È solo un’eco della situazione di disputa accesa che facilmente si viene a creare in materia di scienze ambientali quando dalla pura fase descrittiva e analitica, della quale la prima parte del convegno è stata una testimonianza esemplare ed efficace, si passa all’interpretazione e alle previsioni. Il problema sono proprio i modelli e il loro utilizzo, che dipende, oltre che dalla bontà dell’algoritmo matematico applicato, da una serie di scelte che si compiono nel farlo “girare” nei supercomputer: si deve decidere quali parametri considerare e quali trascurare, quale grado di dettaglio scegliere e fino a che punto spingere la semplificazione. D’altra parte, come ha sottolineato Antonio Navarra presidente del Centro Euro Mediterraneo per i cambiamenti Climatici, il clima è il sistema più complesso che si conosca e più di tanto non si può semplificare; inoltre è un sistema necessariamente globale, dove sono continue le interconnessioni tra fenomeni e situazioni apparentemente lontane; non si possono neppure fare esperimenti, come ogni buon scienziato desidererebbe, spostando e modificando gli elementi naturali a nostro piacere. Non resta quindi che la strada della simulazione e della sperimentazione virtuale: «i modelli – dice Navarra – sono per i climatologi come il telescopio spaziale per gli astrofisici o l’acceleratore LHC per i fisici: sono strumenti per scandagliare la realtà fino ai limiti estremi».
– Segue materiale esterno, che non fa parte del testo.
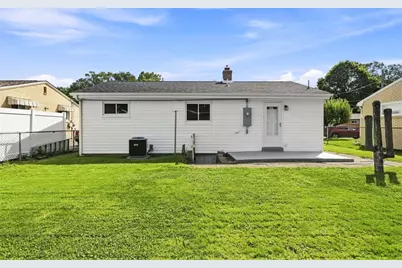 6 S Spring St, Etna, PA 15223 - Photo 26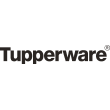 Tupperware coupons Tupperware coupons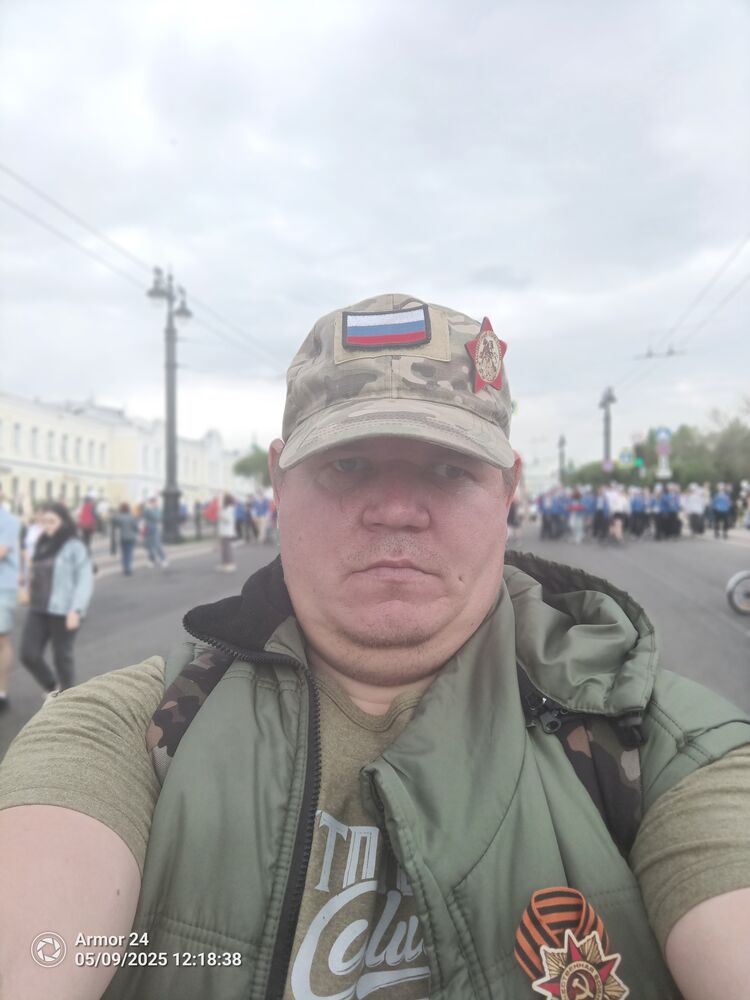 ���� 55110685 ������� ����������, 42 ����, ���� ���������� � �����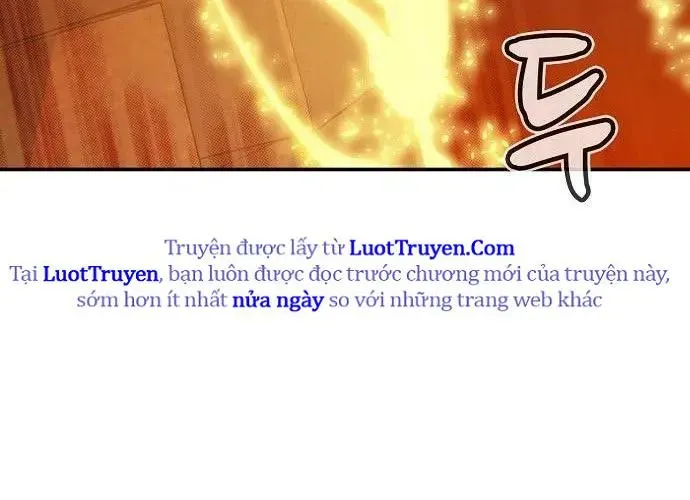 Độc Cô Tử Linh Sư 200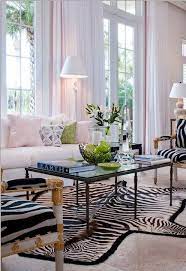 Jerry Rabinowitz Photography Living Room Decor Zebra Living Room Interior Design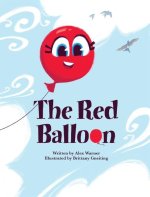 The Red Balloon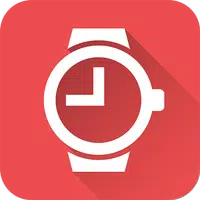 WatchMaker Watch Faces APK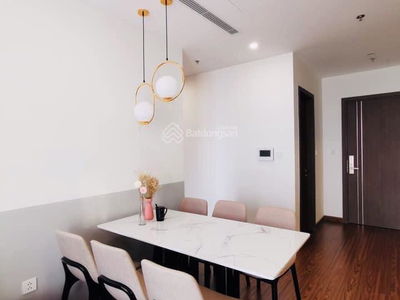 Dreamland Bonanza, Vietnam Dreamland Bonanza, Vietnam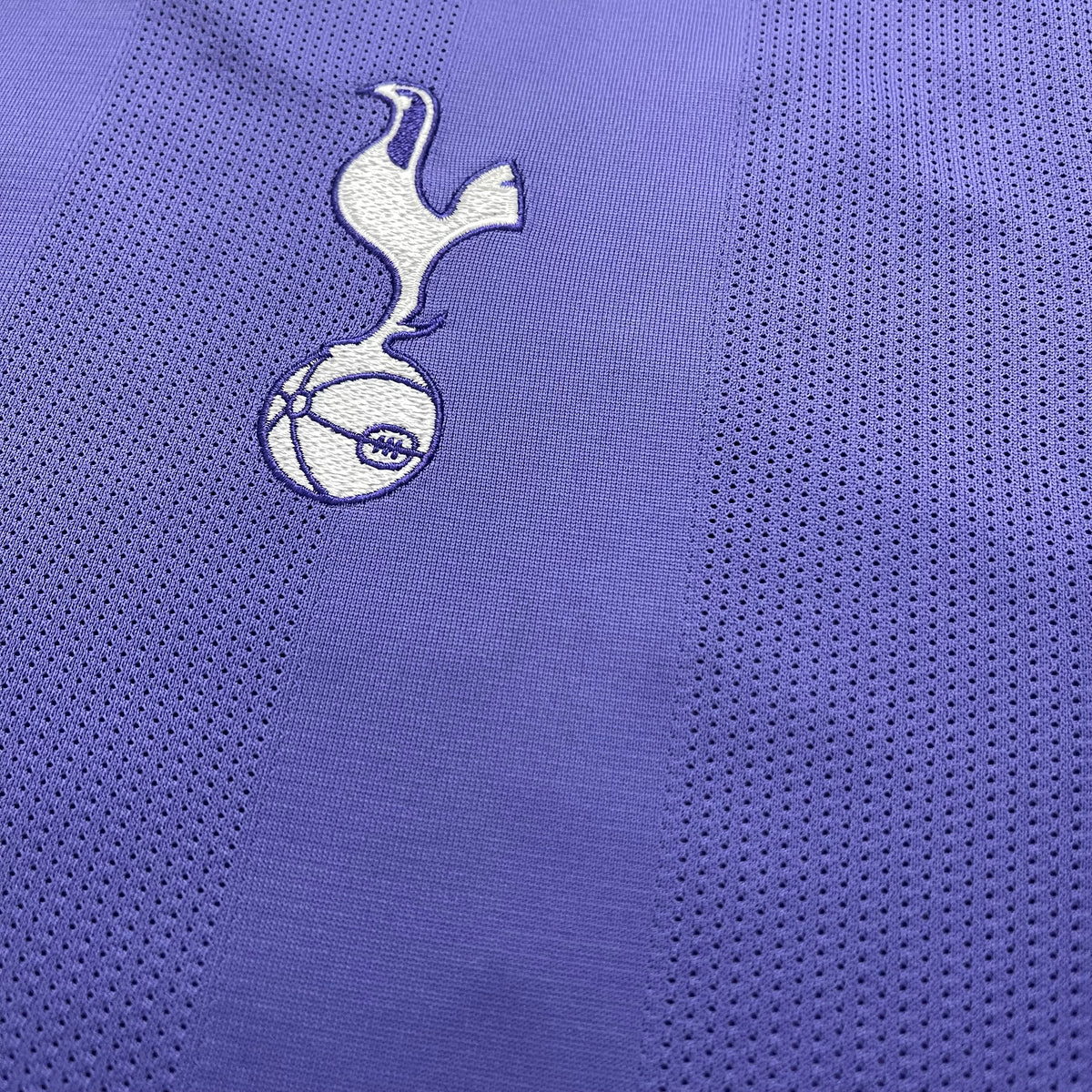 Tottenham Hotspur 2011/12 away x Gareth Bale #3 (M)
Ma qui si innesca un tema molto ampio, che il dibattito di Milano ha evidenziato in tutta la sua problematicità: il ricorso alla modellistica computazionale è un’operazione molto delicata ed è sempre in agguato il rischio di allontanarsi dalla realtà e di scambiare per definitive conclusioni che sono solo parziali e incomplete per carenza di dati. A volte poi i modelli spiazzano gli stessi autori, che si trovano davanti a previsioni inattese: come quella che vedrebbe addirittura un risvolto positivo nell’aumento della CO2 in atmosfera dato che se ne potrebbe dedurre una diminuzione dei cicloni tropicali; o quella delle simulazioni econometriche che vedrebbero un beneficio per tutta l’economia nazionale dall’affermarsi di un clima più caldo.

Su un punto sembra però che ci sia un accordo tra gli scienziati: il clima ha bisogno di maggiore studio e di approfondimento di quanto emerge dai nuovi dati. Bisogna capire meglio cosa significano i dati che sembrano sempre più insistentemente indicare una diminuzione della temperatura media negli ultimi anni; o cosa indica la scoperta di un gran numero di laghi sotterranei sotto i ghiacciai antartici e come incide sulla loro stabilità; e ancora, qual è il ruolo dell’attività solare nel modulare i livelli di nuvolosità e quindi nel controllare il clima planetario.

Se il dibattito quindi è bene che resti equilibrato e freddo, sarà meglio per tutti se l’attività di ricerca subirà un riscaldamento.